Introduction to No Scalpel Vasectomy International, Inc. (NSVI) & Vasectomy Missions in the Philippines
by Doug Stein, MD, Board Member, NSVI, Inc
At the American Urological Association Annual Meeting in Orlando in May 2008, I met Ramon Suarez, MD (Diplomate of the American Board of Urology) when we both attended a luncheon meeting of the Society for the Study of Male Reproduction. Ramon is a Filipino-American who practiced urology for many years in Pennsylvania. He became fond of Naples, Florida during vacation visits and ultimately retired there. For many years, he has participated in medical mission trips to his native country, trips sponsored and organized by the Bisaya Medical Association (BMA). The Philippines has a population of 100,000,000 distributed among over 7000 islands with a cumulative land area similar to that of Arizona; that’s right, about 1/3 the population of the United States living in an area slightly larger than that one state. So Ramon has recognized a need for family planning services, despite some resistance from various church and government leaders in this largely Catholic country.
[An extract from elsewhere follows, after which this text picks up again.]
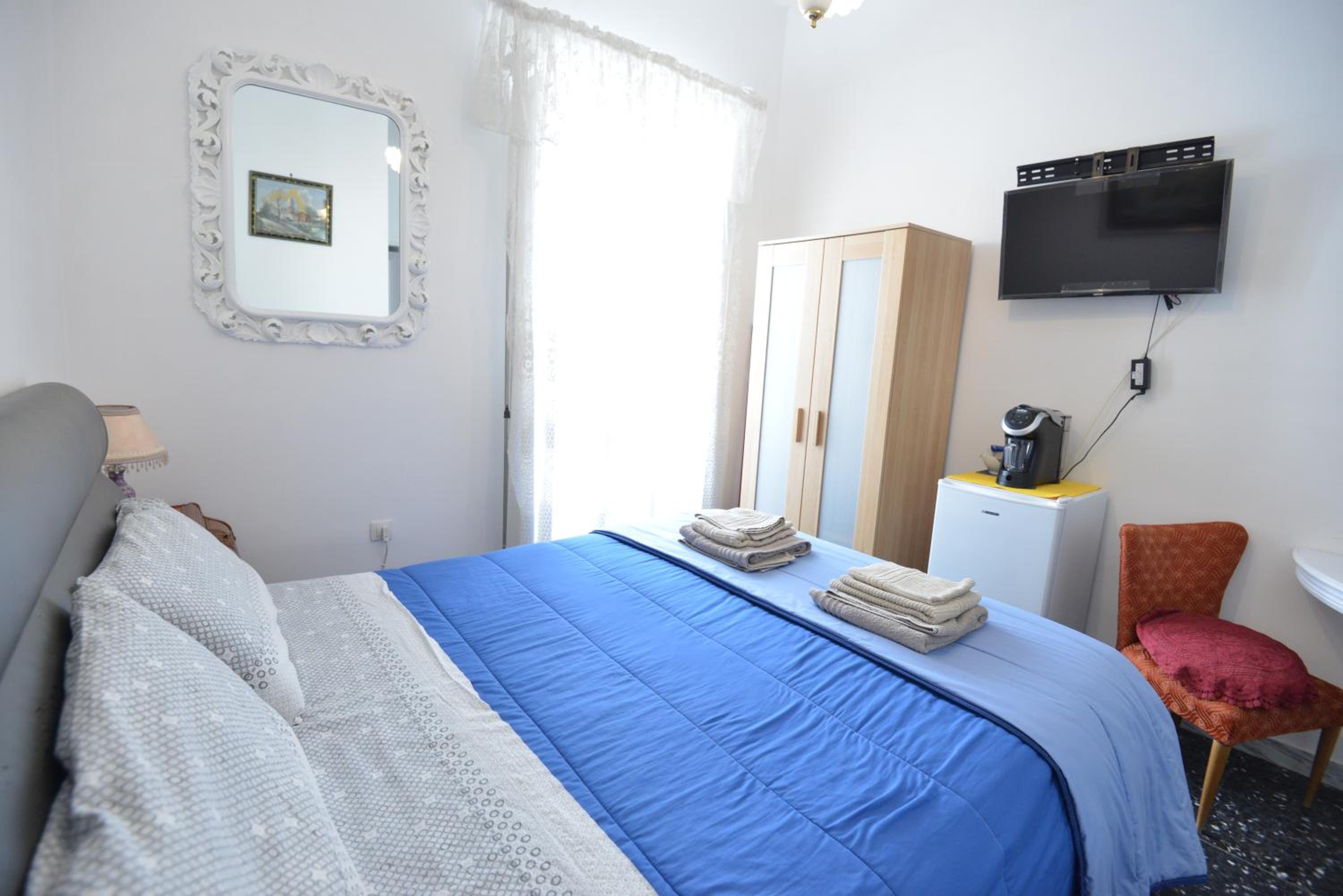 Double Room - Photo 4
Vasectomy and tubal ligation work particularly well in population groups who may not always have access to less dependable alternatives, who may not be able to afford the alternatives, and who may not be optimally compliant with those alternatives when they are available and provided without cost. If the Philippine population is equally divided among an 80-year life expectancy (a stretch, but it makes the math easy), then there are about 1,000,000 people in each age group, 500,000 “couples” in each age group. Which means that every year, 500,000 couples reach the stage at which they feel content with the number of children that they already have. If most of the women are 15 years pre-menopause, then what does the couple do for the next 15 years? Vasectomy provides an easy and dependable solution, but if only half of those couples choose vasectomy, that still leaves a workload of 250,000 vasectomies per year to prevent the unintended pregnancies that routinely occur after couples decide that they have had enough children to feel fulfilled as parents. Working full time at 20 locations in Florida, I perform about 2,500 vasectomies per year. Which means that the Philippines would need 100 energetic vasectomists working tirelessly to provide the service to just half of the parentally mature couples.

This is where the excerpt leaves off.